:: Exercise aim ::
Everything from the line containing "春分节气的风俗活动及养生秘诀思维导图" through the last line of the listing below should be returned exactly, except for pictures.

Data section start

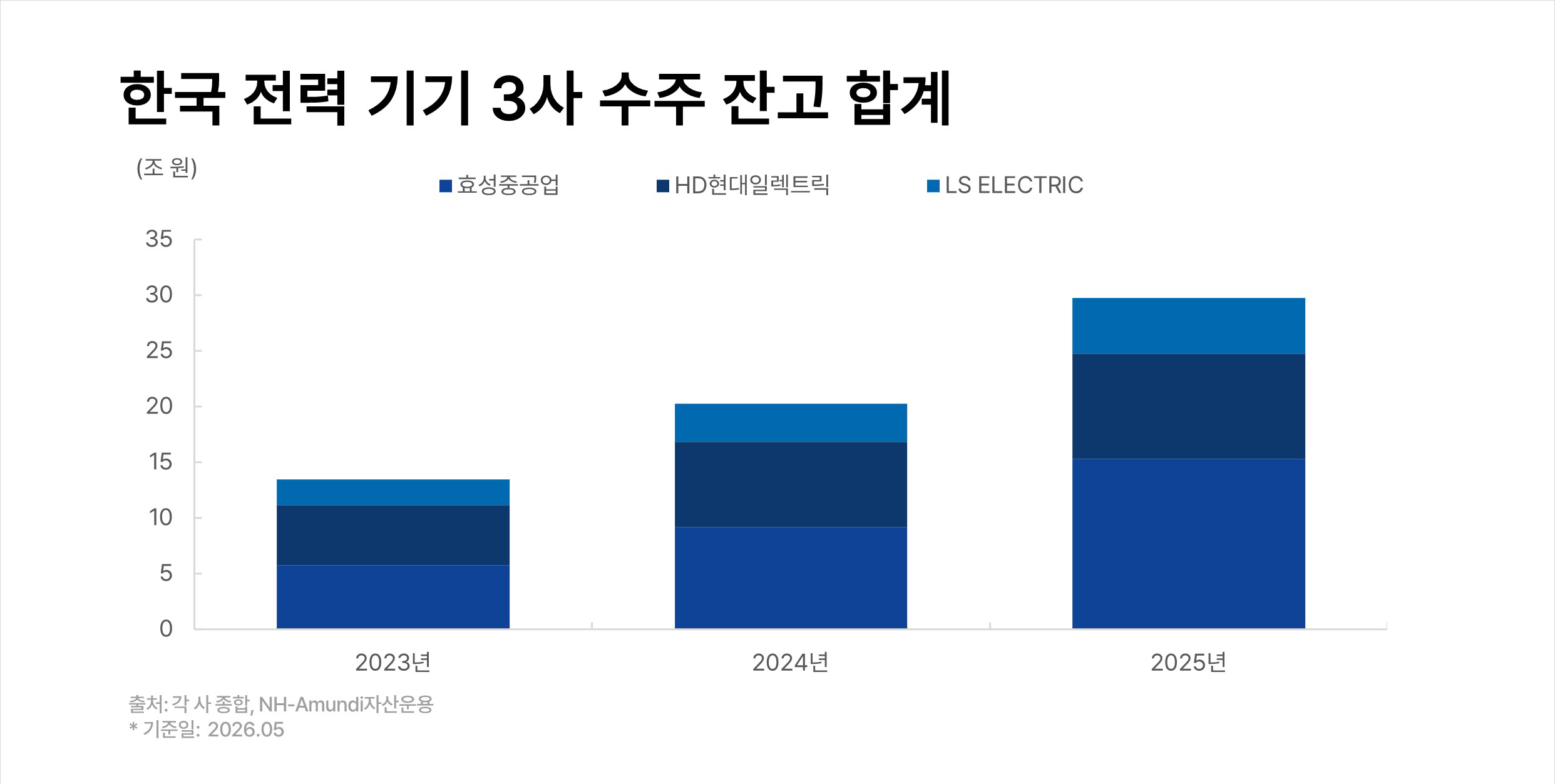 한국-전력-기기-3사-수주-잔고-합계.png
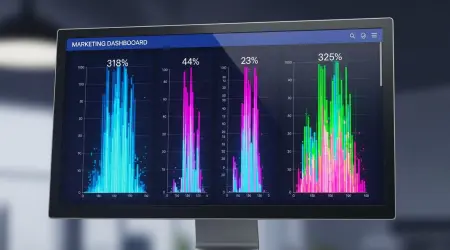 AI Leads: How They Distort Marketing ROI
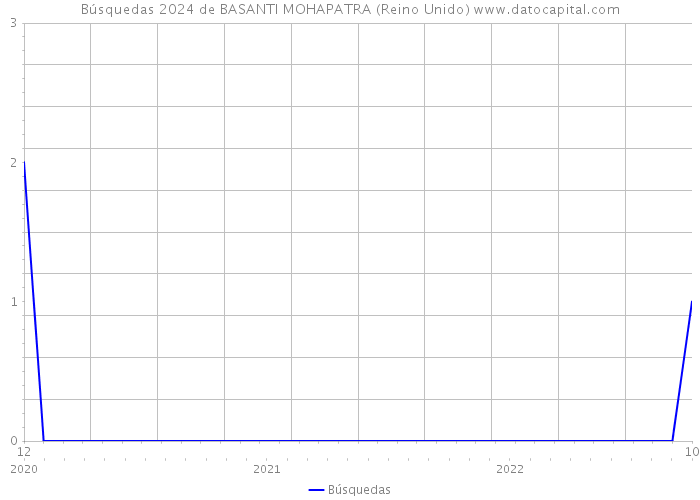 Búsquedas 2024 de BASANTI MOHAPATRA (Reino Unido) 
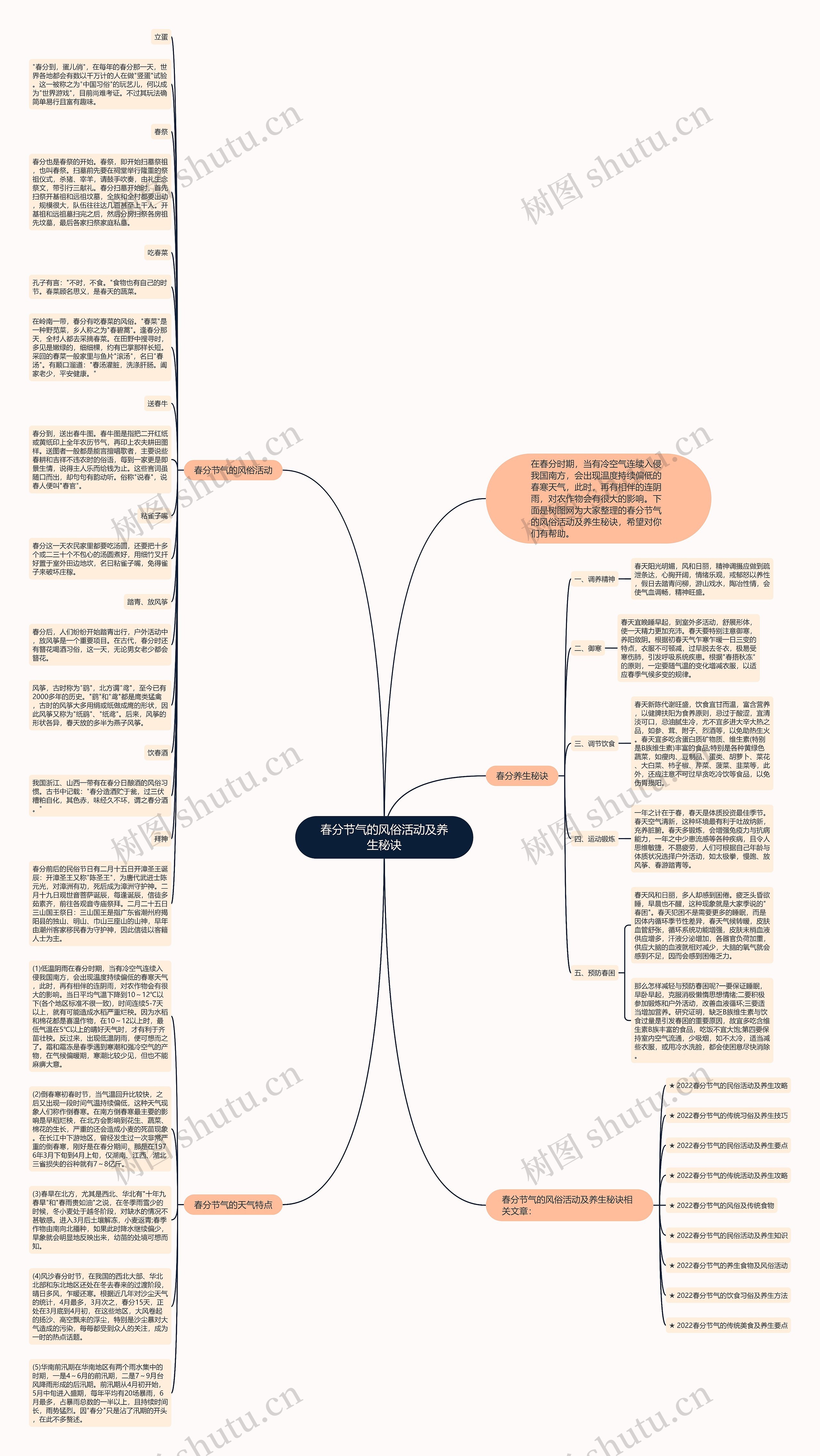 春分节气的风俗活动及养生秘诀思维导图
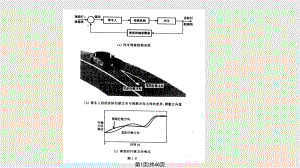 第一 緒論PPT課件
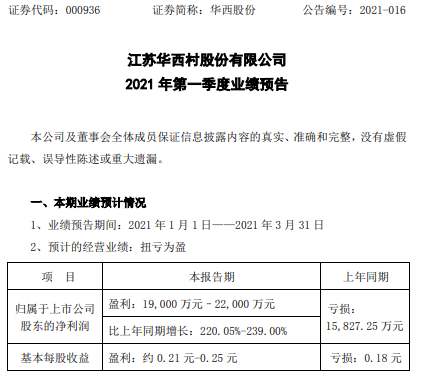 华西股份2021年第一季度预计净利1.9亿-2.2亿 化纤业务增长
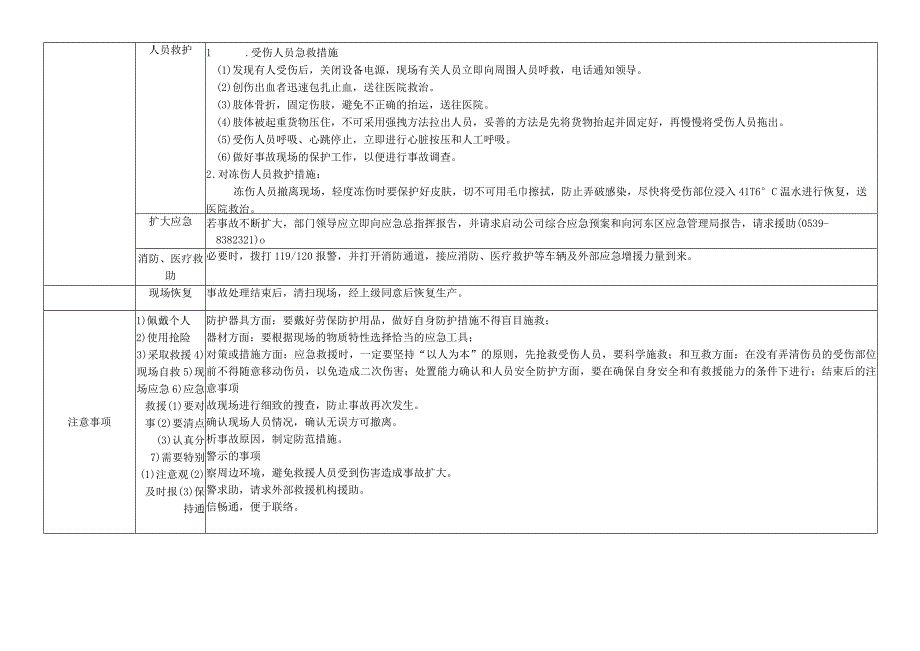 液二氧化碳液氩储罐区现场处置方案.docx_第2页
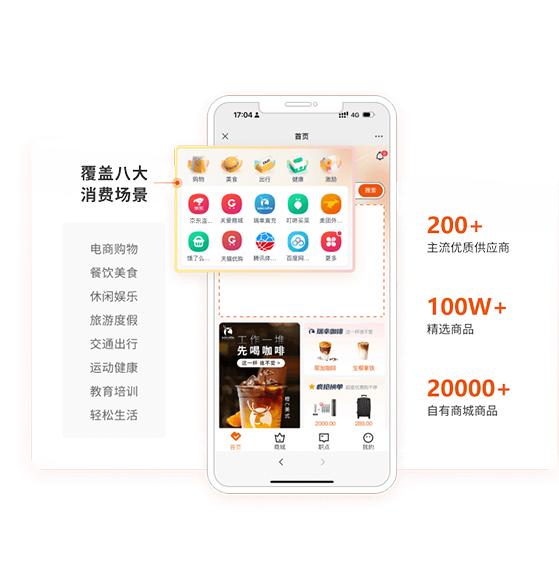 福利体验高满意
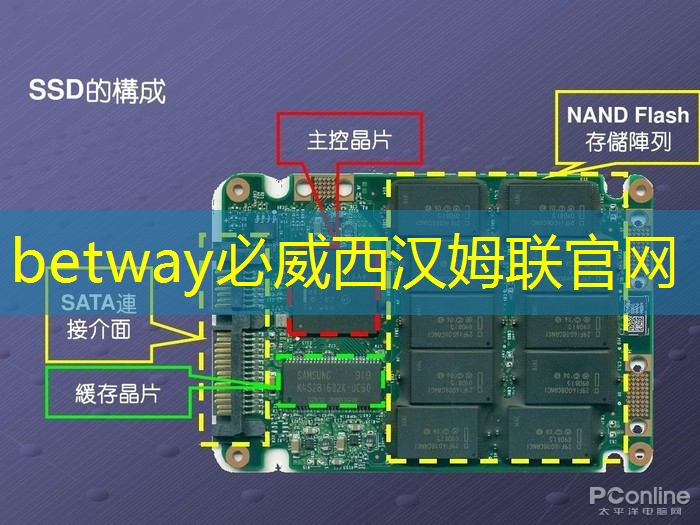 【新聞】艾為觸覺反饋芯片通過AEC-Q100認證,車規級芯片家族又添新成員! 【新聞】艾為觸覺反饋芯片通過AEC-Q100認證,車規級芯片家族又添新成員!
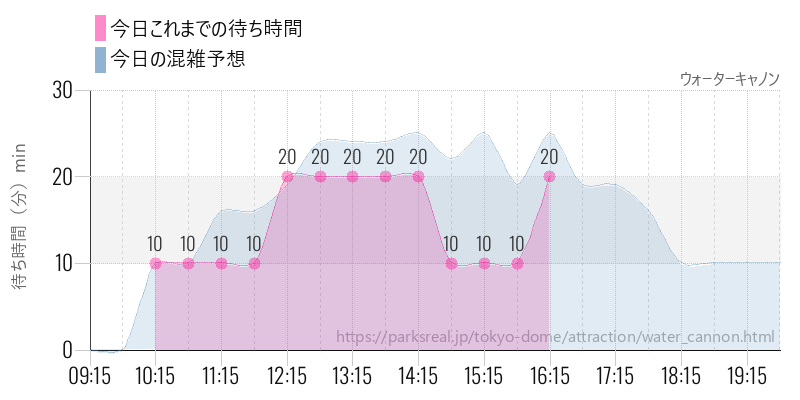 ウォーターキャノンの今日これまでの待ち時間と混雑予想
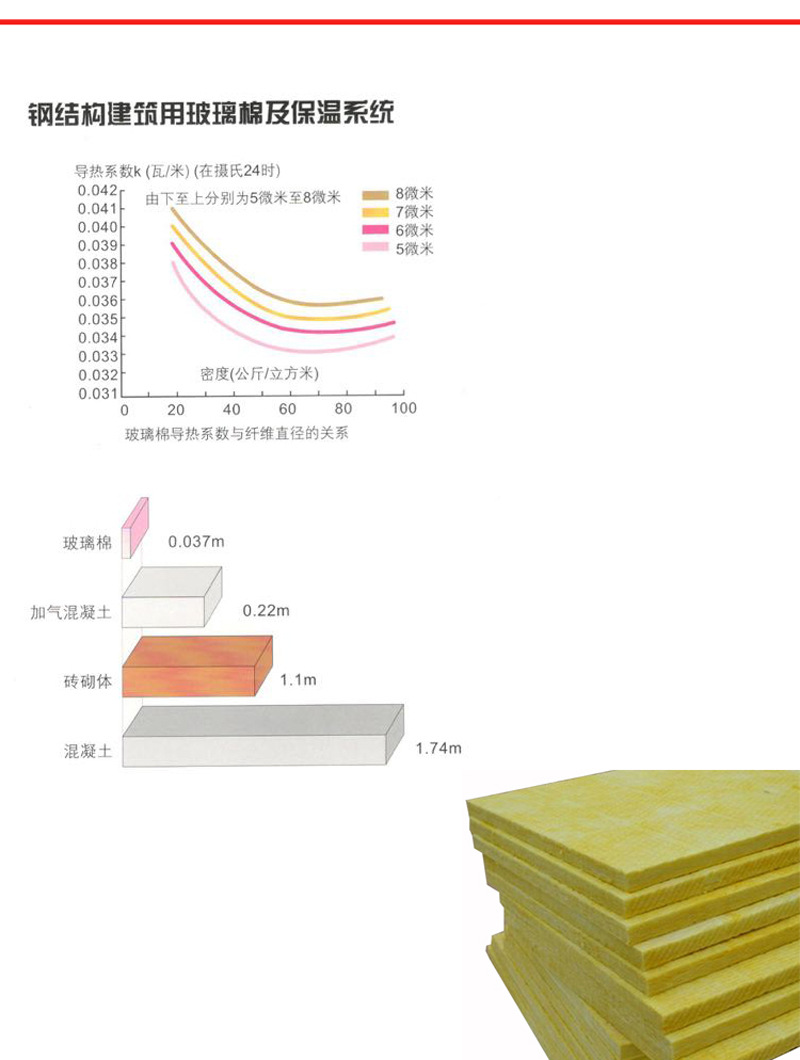 上海玻璃纖維棉/屋面墻體隔熱保溫玻璃棉板/隔音吸音棉玻璃棉卷氈示例圖16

Data section end

:: Response to the task ::
 春分节气的风俗活动及养生秘诀思维导图
 第一 緒論PPT課件
 华西股份2021年第一季度预计净利1.9亿-2.2亿 化纤业务增长
 液二氧化碳液氩储罐区现场处置方案.docx_第2页
 福利体验高满意
 【新聞】艾為觸覺反饋芯片通過AEC-Q100認證,車規級芯片家族又添新成員! 【新聞】艾為觸覺反饋芯片通過AEC-Q100認證,車規級芯片家族又添新成員!
 ウォーターキャノンの今日これまでの待ち時間と混雑予想
 上海玻璃纖維棉/屋面墻體隔熱保溫玻璃棉板/隔音吸音棉玻璃棉卷氈示例圖16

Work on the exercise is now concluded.